■ **ACTIVITY**
What must be handed in is the entire listing, exactly as written, with no pictures.

■ **SOURCE MATERIAL**

- - - - -

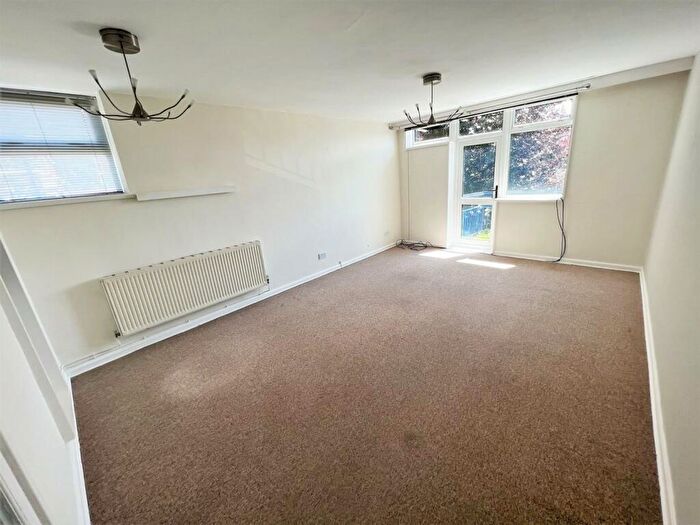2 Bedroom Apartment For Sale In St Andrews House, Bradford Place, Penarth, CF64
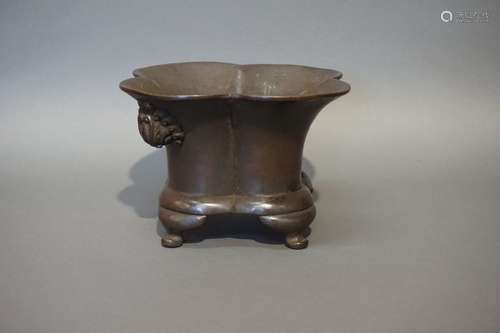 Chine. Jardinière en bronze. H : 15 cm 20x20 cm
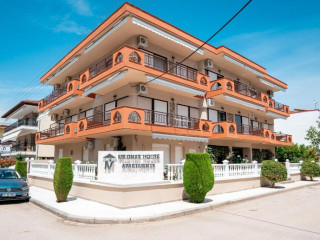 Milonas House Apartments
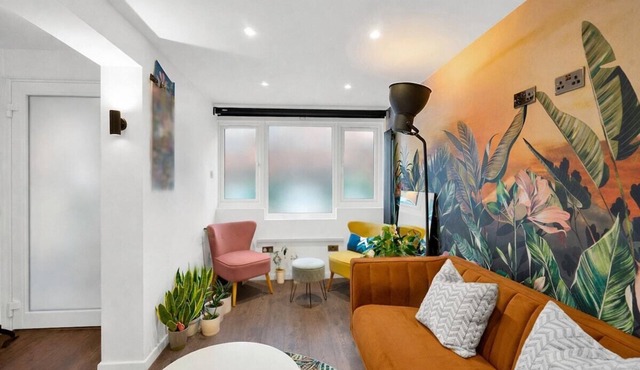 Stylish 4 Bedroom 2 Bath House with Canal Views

- - - - -

■ **SOLUTION**
2 Bedroom Apartment For Sale In St Andrews House, Bradford Place, Penarth, CF64
 Chine. Jardinière en bronze. H : 15 cm 20x20 cm
 Milonas House Apartments
 Stylish 4 Bedroom 2 Bath House with Canal Views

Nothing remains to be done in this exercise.